#### Try it
Exact copies of all the lines below are wanted, without a single picture.

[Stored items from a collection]
# # #
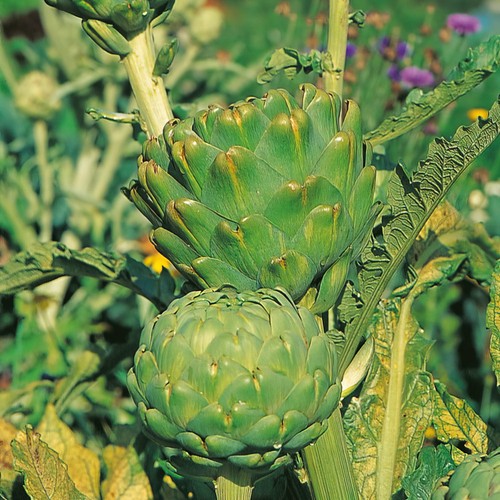 Globe artichoke imperial star - artichoke,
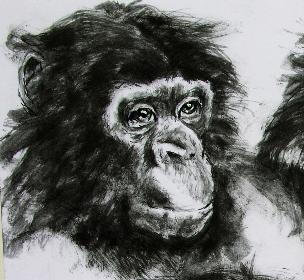 Simon der cleverste Bonobo aus Berlin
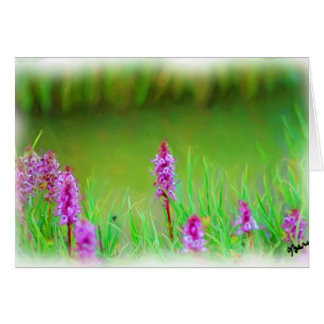 CARTÃO MT EVANS WILDFLOWERS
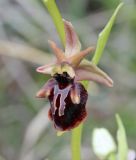 Ophrys mammosa. Цветок с некоторыми признаками Ophrys oestrifera (выраженные \"рога\" на боковых лопастях губы и однотонные наружные листочки околоцветника). Крым, окр. с. Зеленогорье, ущ. р. Пананьян-Узень, глинистый склон к реке. 28 мая 2020 г.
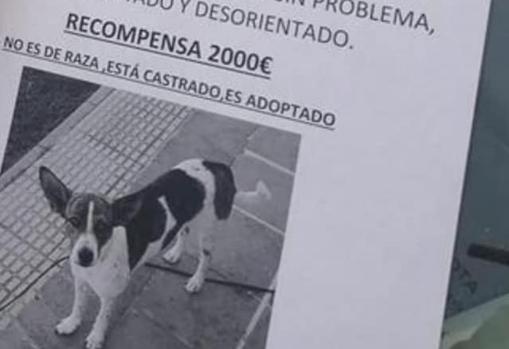 2.000 euros de recompensa a quien encuentre a Magic, el perro perdido en el Pago del Humo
# # #
#### Exercise output
 Globe artichoke imperial star - artichoke,
 Simon der cleverste Bonobo aus Berlin
 CARTÃO MT EVANS WILDFLOWERS
 Ophrys mammosa. Цветок с некоторыми признаками Ophrys oestrifera (выраженные \"рога\" на боковых лопастях губы и однотонные наружные листочки околоцветника). Крым, окр. с. Зеленогорье, ущ. р. Пананьян-Узень, глинистый склон к реке. 28 мая 2020 г.
 2.000 euros de recompensa a quien encuentre a Magic, el perro perdido en el Pago del Humo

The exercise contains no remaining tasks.